Leave out all pictures and retype exactly the lines from the one with "White Mark Plus" through the last line of the material.

>>>

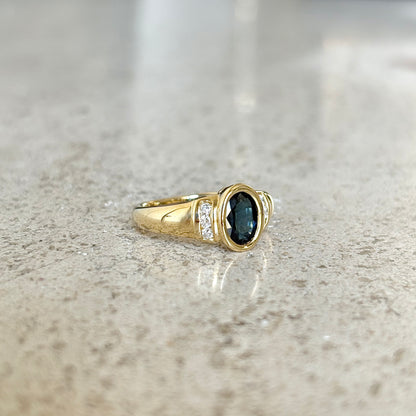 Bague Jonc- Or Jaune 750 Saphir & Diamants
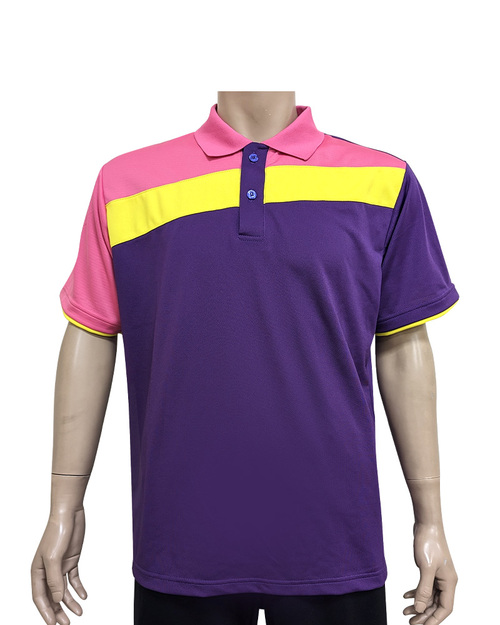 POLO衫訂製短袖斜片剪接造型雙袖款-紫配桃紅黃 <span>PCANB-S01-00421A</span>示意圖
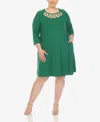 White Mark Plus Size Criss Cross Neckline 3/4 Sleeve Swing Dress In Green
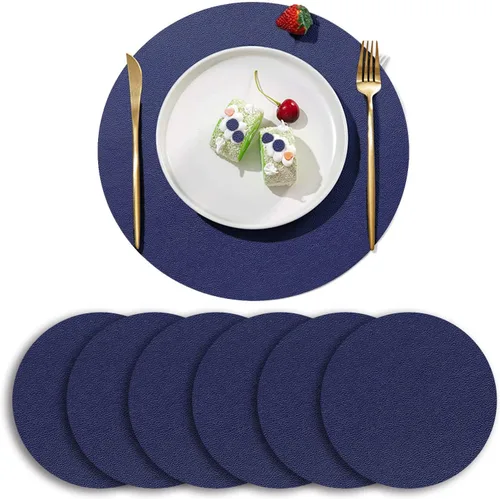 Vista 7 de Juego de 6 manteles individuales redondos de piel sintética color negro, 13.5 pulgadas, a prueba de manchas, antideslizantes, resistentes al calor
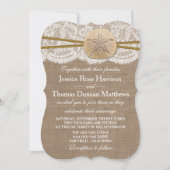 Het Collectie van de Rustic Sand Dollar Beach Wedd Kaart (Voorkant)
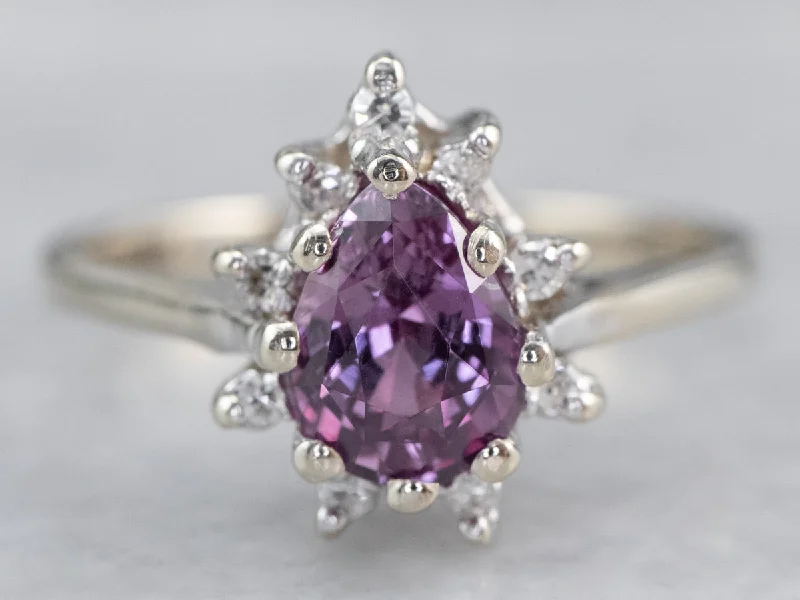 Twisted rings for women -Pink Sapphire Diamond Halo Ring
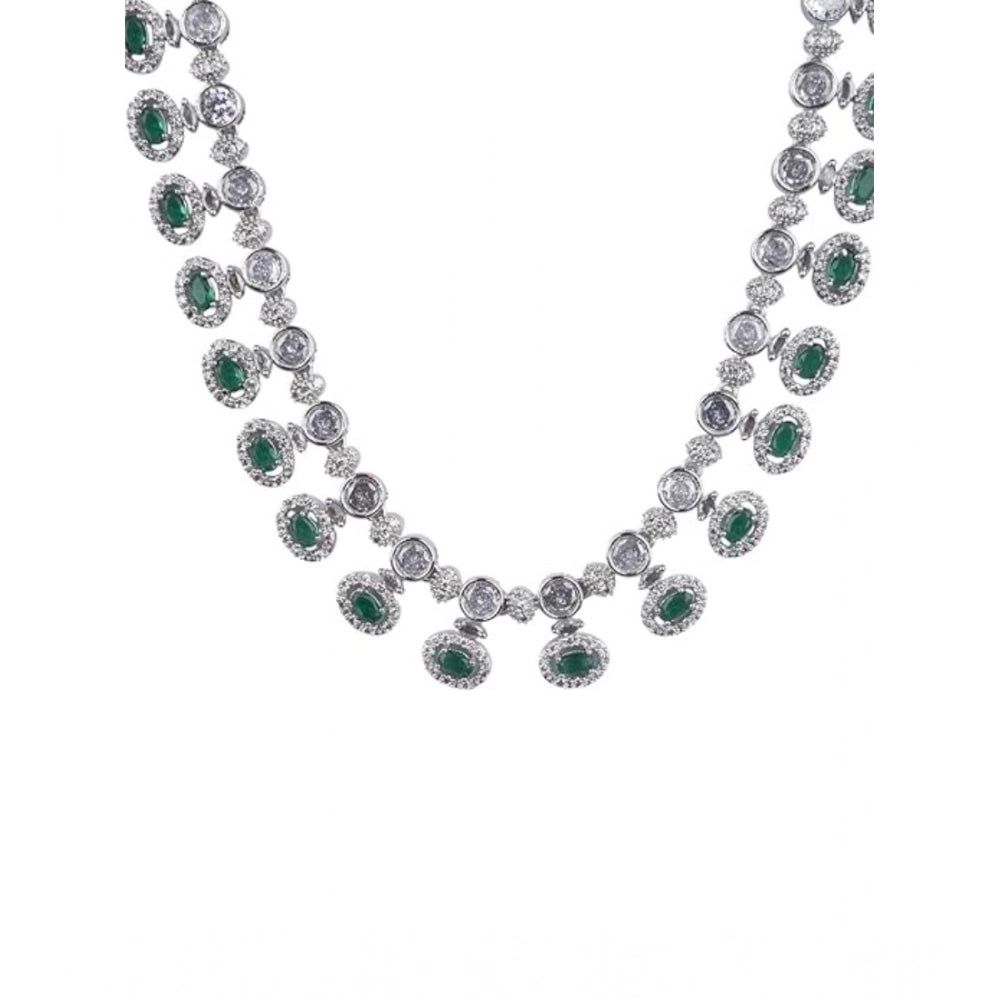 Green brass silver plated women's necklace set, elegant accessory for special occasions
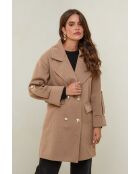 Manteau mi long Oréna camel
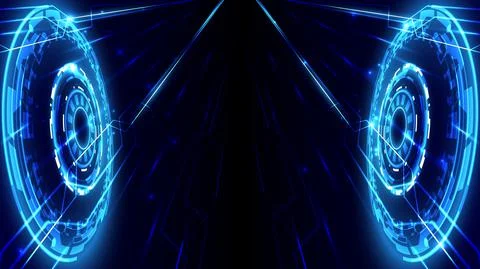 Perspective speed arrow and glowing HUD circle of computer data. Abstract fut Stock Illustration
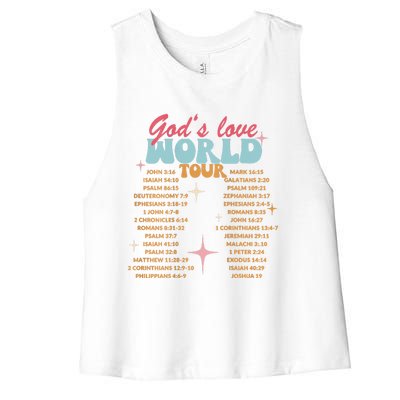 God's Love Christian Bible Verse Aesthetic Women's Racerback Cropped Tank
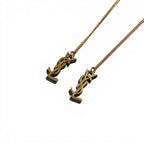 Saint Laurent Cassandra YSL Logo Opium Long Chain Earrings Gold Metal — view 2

<<<

OUTPUT BELOW =
 White Mark Plus Size Criss Cross Neckline 3/4 Sleeve Swing Dress In Green
 Vista 7 de Juego de 6 manteles individuales redondos de piel sintética color negro, 13.5 pulgadas, a prueba de manchas, antideslizantes, resistentes al calor
 Het Collectie van de Rustic Sand Dollar Beach Wedd Kaart (Voorkant)
 Twisted rings for women -Pink Sapphire Diamond Halo Ring
 Green brass silver plated women's necklace set, elegant accessory for special occasions
 Manteau mi long Oréna camel
 Perspective speed arrow and glowing HUD circle of computer data. Abstract fut Stock Illustration
 God's Love Christian Bible Verse Aesthetic Women's Racerback Cropped Tank
 Saint Laurent Cassandra YSL Logo Opium Long Chain Earrings Gold Metal — view 2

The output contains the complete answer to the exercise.